Douglas Axe is a molecular biologist who's done some interesting work on protein structure and function. Formerly at Cambridge University and now directing the Discovery Institute's Biologic Institute, Axe performed experiments in which he would change the structure of a protein by altering its amino acid composition. His techniques were quite straightforward (if laborious), and he focused his experiments on proteins that had functions that could be easily measured quantitatively. He found that some regions of some proteins were quite robust to significant change, and that other regions were less tolerant of such mutation. He measured only the specific function of the original protein (meaning that he did not look for novel functions) and made large numbers of changes at once (at least five amino acids were changed at a time). His papers are rarely cited, and have had little impact on the understanding of protein structure-function relationships. The experiment that Meyer singles out for emphasis has been completely superseded, in my view, by more detailed and comprehensive analyses reported recently. (Analysis of Axe's work would merit a separate post, but I'm an associate professor with two jobs and four kids, so I don't know if I'll get to that project anytime soon.)
I mean no disrespect to Dr. Axe, who I don't know at all, when I say that his contributions have been modest and his impact on the study of molecular evolution negligible. Hilariously, Steve Meyer devotes several pages to Axe's work, and includes his picture. When Axe arrives at a typically gargantuan number to represent the "odds of producing a functional protein sequence of modest length...at random," Meyer announces that "this was a very significant result." It wasn't. First, of course, we already know that such things are effectively impossible. But what about Axe's specific conclusions in that particular paper?

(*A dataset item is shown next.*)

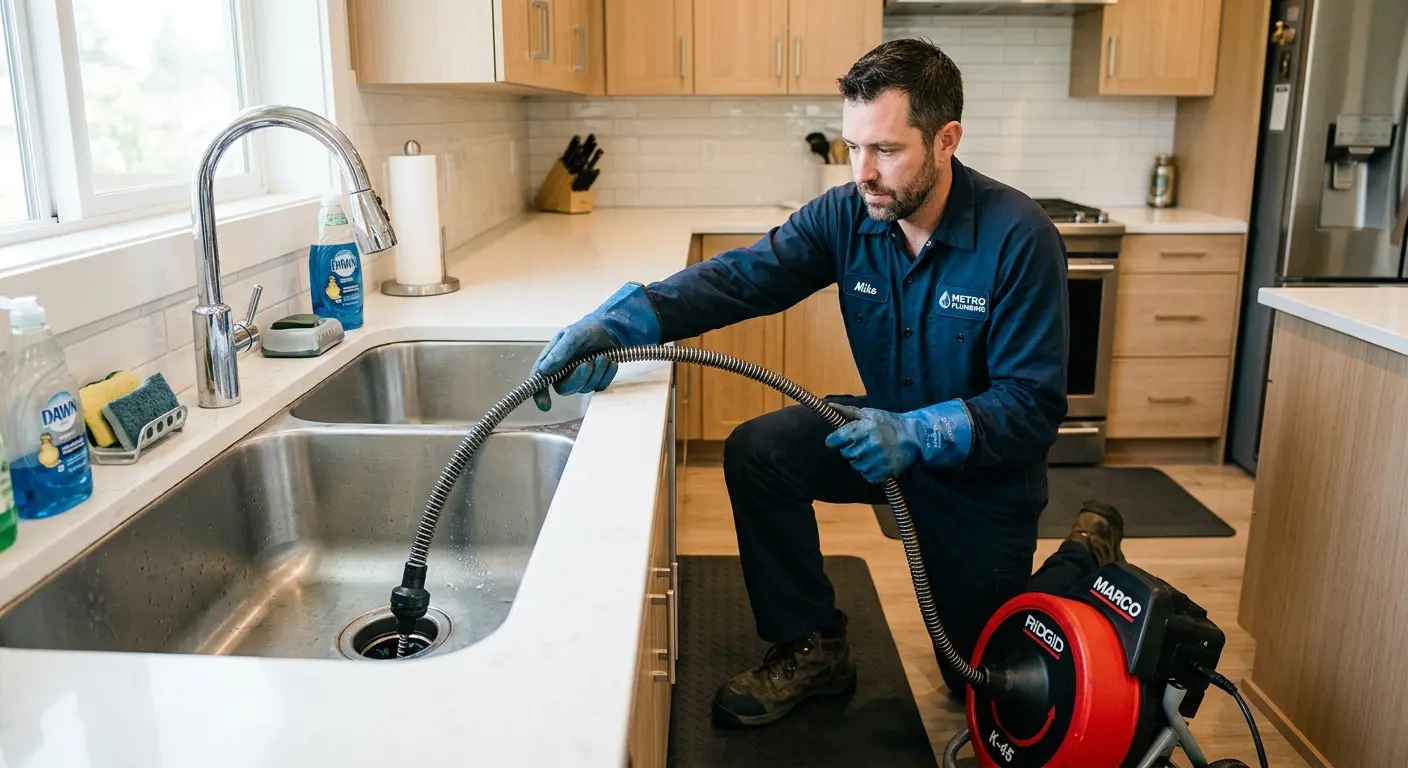 Drain cleaning technician using a motorized snake on a kitchen sink in Coweta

According to Google Scholar, the paper has been cited a whopping 23 times, and those citations include a silly chapter by Meyer himself, an article in the Journal of Creation, and a book called LIBERTY OR DEATH. My dissertation research, published a few years earlier and describing the growth of moth nerve cells in culture, has been cited 30 times, and not once by a creationist or a colonial Virginian.
Chapters 9 and 10 of Signature in the Cell are, for me, the smoking gun. Steve Meyer does not aim to delve into the interesting details of origins-of-life research, nor does he intend to describe current theories and their interactions. There is not now, and never was, a "research project." There's a project, but its purpose is political and its goal is persuasion. Why on earth these folks can't just be honest about that, I guess I'll never know.
Oh, and we can't end without letting Steve and Charles go head to head.
From page 227 of Signature in the Cell, near the end of chapter 10:
I began to wonder if the odds of life arising by chance alone, at least under the circumstances envisioned by advocates of the chance hypothesis, weren't actually zero. Imagine that a casino owner invents a game in which the object is to roll 777 consecutive "sevens" with a set of dice. He asks the odds makers to calculate the chances of any one contestant winning. They are, of course, infinitesimally small. But now he gives the odds makers some additional information. The dice are made of white chocolate with with dark chocolate spots on the faces, both of which will melt as the result of the glare of the lights over the game table and repeated handling by the game players. Now what are the odds of turning up 777 sevens in a row?And this is from page 227 of the Origin of Species, 6th Edition:
It has been objected to the foregoing view of the origin of instincts that "the variations of structure and of instinct must have been simultaneous and accurately adjusted to each other, as a modification in the one without an immediate corresponding change in the other would have been fatal." The force of this objection rests entirely on the assumption that the changes in the instincts and structure are abrupt.That's the beginning of a section entitled "Objections to the Theory of Natural Selection as applied to Instincts: Neuter and Sterile Insects." And there's Steve Meyer's confusion, answered a century and a half ago. Charles Darwin wasn't always right, but here he deserves the last word.